Review on 1 great book Waking the Tiger, Healing Trauma,
Peter A. Levine’s book, Waking the Tiger, Healing Trauma, is a must-read.
Many people who have suffered tremendous emotional agony (for example, those who have recently lost a loved one, those who live in war-torn countries, those who have been tortured or sexually molested) or physical harm (for example, those who have suffered severe neglect or debilitating injuries) are able to recover completely or nearly completely from their tragedy. While some people recover, others do not and continue to relive the same horrific experiences of morbid fear, anguish, and anxiety for a long period of time after their recovery. These latter groups of people have been traumatized as a result of their negative experiences.
According to Levine and Frederick (1997) in their book “Waking the Tiger: Healing Trauma,” this is a result of bottled-up somatosensory symptoms that emerge after a traumatic event has occurred. According to Levine and Frederick, there are three primary ways in which people respond when confronted with a traumatic experience (1997). Depending on the situation, they can fight (confront the situation), flee (avoid the situation), or freeze (be totally overwhelmed by the predicament to the point of immobility). It is more effective for trauma victims to use the fight or flee strategy after experiencing a traumatic event than it is for victims to freeze in response to shock (Levine & Frederick, 1997). This state of suspended animation and paralysis occurs unintentionally and without the conscious awareness of the individual. During this state of freeze, the victim is unable to go through all of the typical reactions associated with traumatic events (Levine & Frederick, 1997). Because the trapped emotions are not adequately discharged by the victim, they have a negative impact on the traumatized individual.
It is therefore necessary to guide the victim along a path (Experiential Sensation-FELT SENSE) that allows them to perceive and release those trapped emotions in order to resolve the agony. Understanding how animals recover from traumatic experiences led to the development of this approach to healing trauma. (Levine & Frederick 1997). According to Levine and Frederick (1997), confronting agony should be done primarily on an emotional, limbic brain level, rather than solely on a rational, executive brain level, to maximize effectiveness.

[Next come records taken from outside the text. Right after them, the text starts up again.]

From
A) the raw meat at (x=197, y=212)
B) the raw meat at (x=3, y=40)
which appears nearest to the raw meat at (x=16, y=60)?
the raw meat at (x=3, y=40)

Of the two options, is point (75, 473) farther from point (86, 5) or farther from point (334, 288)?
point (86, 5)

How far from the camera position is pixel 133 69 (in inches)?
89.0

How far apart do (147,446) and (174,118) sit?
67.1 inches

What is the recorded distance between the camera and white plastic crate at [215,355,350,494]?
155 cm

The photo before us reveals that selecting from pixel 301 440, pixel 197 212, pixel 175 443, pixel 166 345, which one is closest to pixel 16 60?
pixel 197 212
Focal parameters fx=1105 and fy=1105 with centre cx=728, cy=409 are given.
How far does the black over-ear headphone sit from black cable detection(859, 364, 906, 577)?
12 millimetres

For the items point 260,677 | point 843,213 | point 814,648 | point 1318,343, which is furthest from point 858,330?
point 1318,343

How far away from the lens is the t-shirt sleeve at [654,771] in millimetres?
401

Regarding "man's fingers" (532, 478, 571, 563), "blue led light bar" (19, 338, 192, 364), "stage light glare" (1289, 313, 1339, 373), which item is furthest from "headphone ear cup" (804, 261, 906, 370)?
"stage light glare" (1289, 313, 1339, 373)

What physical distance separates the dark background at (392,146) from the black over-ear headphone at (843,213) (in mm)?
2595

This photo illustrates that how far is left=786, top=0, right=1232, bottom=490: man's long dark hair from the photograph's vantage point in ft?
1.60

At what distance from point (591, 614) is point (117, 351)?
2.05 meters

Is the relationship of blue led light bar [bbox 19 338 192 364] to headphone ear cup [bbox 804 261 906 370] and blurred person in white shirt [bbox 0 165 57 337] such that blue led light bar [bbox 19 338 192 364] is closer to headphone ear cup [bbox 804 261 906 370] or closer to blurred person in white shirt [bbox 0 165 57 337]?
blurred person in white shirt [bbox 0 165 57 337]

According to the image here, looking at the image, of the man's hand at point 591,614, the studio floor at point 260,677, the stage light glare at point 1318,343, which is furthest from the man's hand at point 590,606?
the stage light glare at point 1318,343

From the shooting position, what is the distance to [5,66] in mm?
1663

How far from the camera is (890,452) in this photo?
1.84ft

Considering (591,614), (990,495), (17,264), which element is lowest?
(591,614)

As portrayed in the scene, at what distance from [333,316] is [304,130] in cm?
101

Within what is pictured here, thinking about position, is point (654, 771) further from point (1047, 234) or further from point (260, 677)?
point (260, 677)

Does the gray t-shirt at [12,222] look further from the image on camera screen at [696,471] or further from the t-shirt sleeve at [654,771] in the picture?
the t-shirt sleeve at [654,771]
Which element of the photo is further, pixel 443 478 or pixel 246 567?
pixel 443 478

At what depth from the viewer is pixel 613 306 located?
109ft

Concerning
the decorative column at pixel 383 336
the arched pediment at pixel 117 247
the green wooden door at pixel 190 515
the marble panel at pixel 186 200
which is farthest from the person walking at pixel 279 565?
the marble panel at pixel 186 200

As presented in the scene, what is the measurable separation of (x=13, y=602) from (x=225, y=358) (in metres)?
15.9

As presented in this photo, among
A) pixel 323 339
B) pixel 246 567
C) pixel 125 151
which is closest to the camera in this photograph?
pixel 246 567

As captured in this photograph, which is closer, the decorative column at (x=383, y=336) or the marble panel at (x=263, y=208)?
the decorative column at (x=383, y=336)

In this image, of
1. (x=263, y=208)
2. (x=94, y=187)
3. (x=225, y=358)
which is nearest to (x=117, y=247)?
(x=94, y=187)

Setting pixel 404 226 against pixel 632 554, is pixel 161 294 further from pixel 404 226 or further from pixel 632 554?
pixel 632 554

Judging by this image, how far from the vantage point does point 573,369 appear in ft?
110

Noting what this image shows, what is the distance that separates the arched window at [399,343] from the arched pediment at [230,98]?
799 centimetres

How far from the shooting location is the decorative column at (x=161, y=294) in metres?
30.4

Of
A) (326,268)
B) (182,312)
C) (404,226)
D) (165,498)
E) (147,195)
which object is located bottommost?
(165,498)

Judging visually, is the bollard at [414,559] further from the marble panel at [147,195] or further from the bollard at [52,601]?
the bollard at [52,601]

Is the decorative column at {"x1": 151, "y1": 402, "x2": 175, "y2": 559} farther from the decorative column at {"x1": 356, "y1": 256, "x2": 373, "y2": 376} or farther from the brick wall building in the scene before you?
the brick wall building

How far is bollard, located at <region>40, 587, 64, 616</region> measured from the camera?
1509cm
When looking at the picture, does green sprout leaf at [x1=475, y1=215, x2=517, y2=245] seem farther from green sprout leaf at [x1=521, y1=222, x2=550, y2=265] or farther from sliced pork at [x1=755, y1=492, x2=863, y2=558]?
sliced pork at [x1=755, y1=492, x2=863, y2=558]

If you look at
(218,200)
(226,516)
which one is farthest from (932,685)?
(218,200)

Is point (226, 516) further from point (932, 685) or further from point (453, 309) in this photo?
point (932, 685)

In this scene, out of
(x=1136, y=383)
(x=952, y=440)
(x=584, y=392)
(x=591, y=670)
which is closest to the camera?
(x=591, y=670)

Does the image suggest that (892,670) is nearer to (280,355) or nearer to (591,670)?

Some of Levine and Frederick’s trauma theory is also supported by the polyvagal theory, which suggests that agony has a somatic experiential component that can be felt by the victim. Considering that agony has strong emotional roots, as indicated by the polyvagal theory and the Levine and Frederick (1997) theory, elements of relationship models such as the DIR model can be used in addressing agony. DIR practitioners can begin to appeal, build, and strengthen discovered areas of weakness after determining the victim’s functional emotional development capacity level. This will allow the victim to break free from the shackling phenomena of a past dreadful event. and strengthen discovered areas of weaknesses To regulate traumatized individuals, one of the tools in the DIR toolbox is to calm the individual who has been traumatically traumatized. As a result of a calm mind, agony victims have the opportunity to engage in further emotion regulation and gain an understanding of deep-seated feelings, all of which are necessary for them to begin to break free from their past and begin to achieve new levels of functional capacity.
In addition to the NARM model, which focuses on the mind and suggests that agony is associated with a maladaptation in the victim’s attachment history, there are other agony theories that can be applied. According to the PTSD model, agony victims are attempting to apply to the solutions of their current problems that had previously worked and were appropriate in their situation.
According to my observations, while attachment and agony appear to be at opposite ends of the same emotional spectrum on the surface, it is clear that whereas attachment is almost always positive, with the exception of extreme attachment/dependency, agony is almost always negative until it resolves. A committed practitioner who is willing to learn from their victims and understand their challenges is required for the treatment of agony. This is necessary in order to develop an appropriate management strategy.
In the management of traumatized children and adults, recognizing the signs and symptoms of agony and making timely referrals to an agony specialist, as well as integrating a variety of treatment modalities, would likely yield the best results.